=== Given records ===
▼▼▼

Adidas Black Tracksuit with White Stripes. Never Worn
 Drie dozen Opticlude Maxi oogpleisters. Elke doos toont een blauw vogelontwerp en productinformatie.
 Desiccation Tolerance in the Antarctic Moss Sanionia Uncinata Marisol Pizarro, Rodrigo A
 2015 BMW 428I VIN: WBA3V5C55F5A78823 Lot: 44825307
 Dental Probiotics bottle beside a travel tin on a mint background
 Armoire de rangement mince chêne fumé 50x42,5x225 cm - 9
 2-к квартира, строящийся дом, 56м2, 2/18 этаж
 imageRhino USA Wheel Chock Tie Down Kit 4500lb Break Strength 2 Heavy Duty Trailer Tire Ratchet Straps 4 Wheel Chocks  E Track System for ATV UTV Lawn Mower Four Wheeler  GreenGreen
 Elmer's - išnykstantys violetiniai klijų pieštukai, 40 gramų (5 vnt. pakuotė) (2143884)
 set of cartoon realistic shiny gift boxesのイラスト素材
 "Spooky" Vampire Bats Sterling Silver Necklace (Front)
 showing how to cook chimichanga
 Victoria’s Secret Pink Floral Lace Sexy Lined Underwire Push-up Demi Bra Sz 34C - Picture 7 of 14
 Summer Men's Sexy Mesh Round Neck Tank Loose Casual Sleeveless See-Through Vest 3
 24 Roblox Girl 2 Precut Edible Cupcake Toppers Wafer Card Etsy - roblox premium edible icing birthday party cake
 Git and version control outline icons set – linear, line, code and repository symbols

▲▲▲

Please return every line from the material above where the string "Sexy" occurs.

 Victoria’s Secret Pink Floral Lace Sexy Lined Underwire Push-up Demi Bra Sz 34C - Picture 7 of 14
 Summer Men's Sexy Mesh Round Neck Tank Loose Casual Sleeveless See-Through Vest 3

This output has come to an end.